European markets closed slightly lower on Monday as optimism over the path of U.S. tariffs faded.
Concluding a choppy session, the pan-European Stoxx 600 ended 0.13% lower, with Germany's DAX down 0.17%, France's CAC 40 down 0.26%, and the U.K.'s FTSE 100 down 0.1%.
The travel and leisure sector was up 0.55% after London's Heathrow Airport reopened on Saturday following a power outage caused by a fire at a nearby electrical substation that disrupted Friday service. British Airways owner IAG was up 0.8%.
Swedish defense firm Saab gained 4.5% after UBS upgraded its stock from neutral to buy, saying the company is "well-positioned for the defence spending upside."
Global investors in the region are looking ahead to U.S. President Donald Trump's April 2 tariff deadline.
U.S. stocks made strong gains in early Monday deals.
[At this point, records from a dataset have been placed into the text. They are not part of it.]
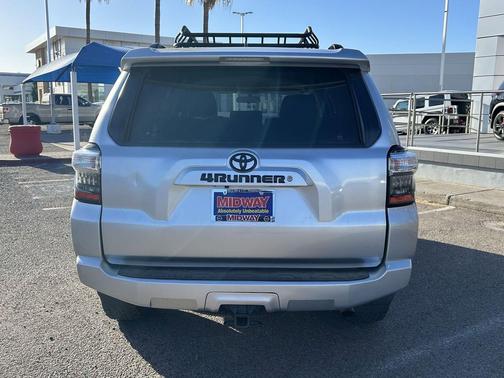 Classic Silver Metallic 2019 Toyota 4Runner SR5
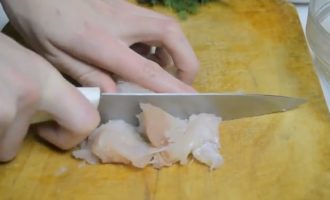 Để chế biến món cá cốt lết, hãy rửa phi lê cá minh thái bằng nước lạnh và lau khô. Sau đó cắt thành miếng vừa. Gọt vỏ hành tây và chia thành hai phần.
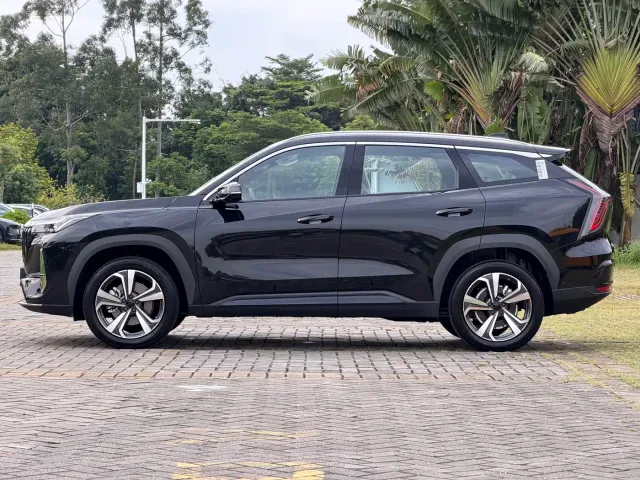 Geely Boyue L — Фото автомобиля 5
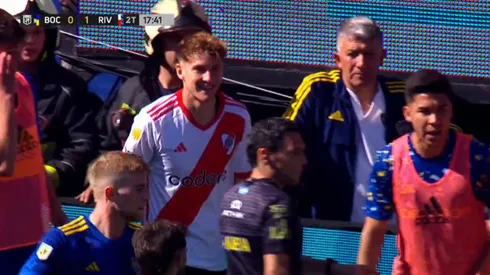 Ni bien ingresó, Colidio tuvo un fuerte cruce con los jugadores de Boca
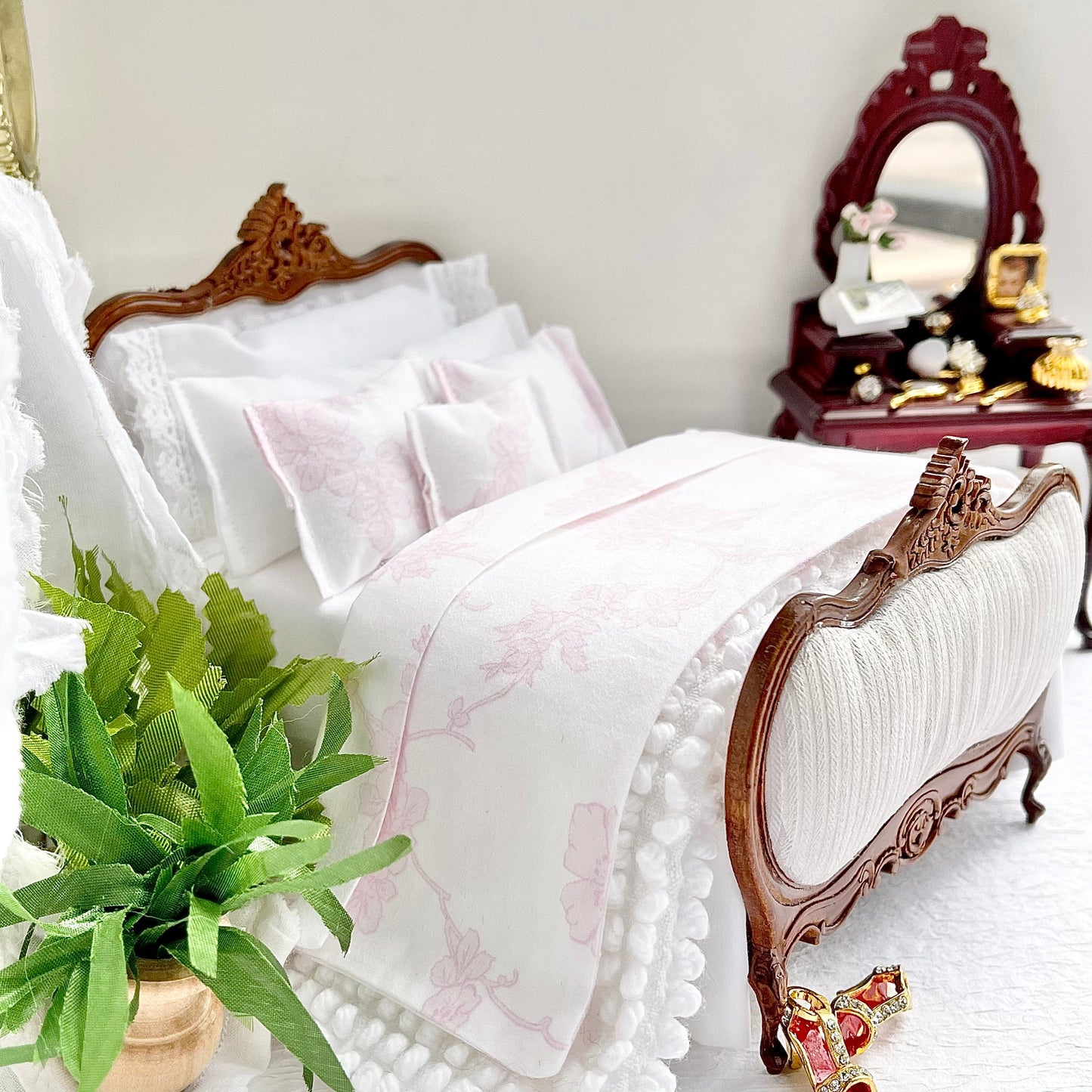 Chantallena Doll House double Shabby Cottage | Shabby White Cotton 1:12 Scale Bedding Set with Pink Floral Climbing  Bed Runner | Climbing Vines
The three major U.S. averages closed higher on Friday, having rallied after Trump told reporters that there could potentially be "flexibility" for his reciprocal tariff plan.
The Wall Street Journal over the weekend reported the tariffs are expected to be narrower in scope and will likely exclude some industry-specific duties, citing an administration official.
On Monday, Trump announced that the U.S. will impose 25% tariffs on countries that buy oil and gas from Venezuela, with oil prices trading higher.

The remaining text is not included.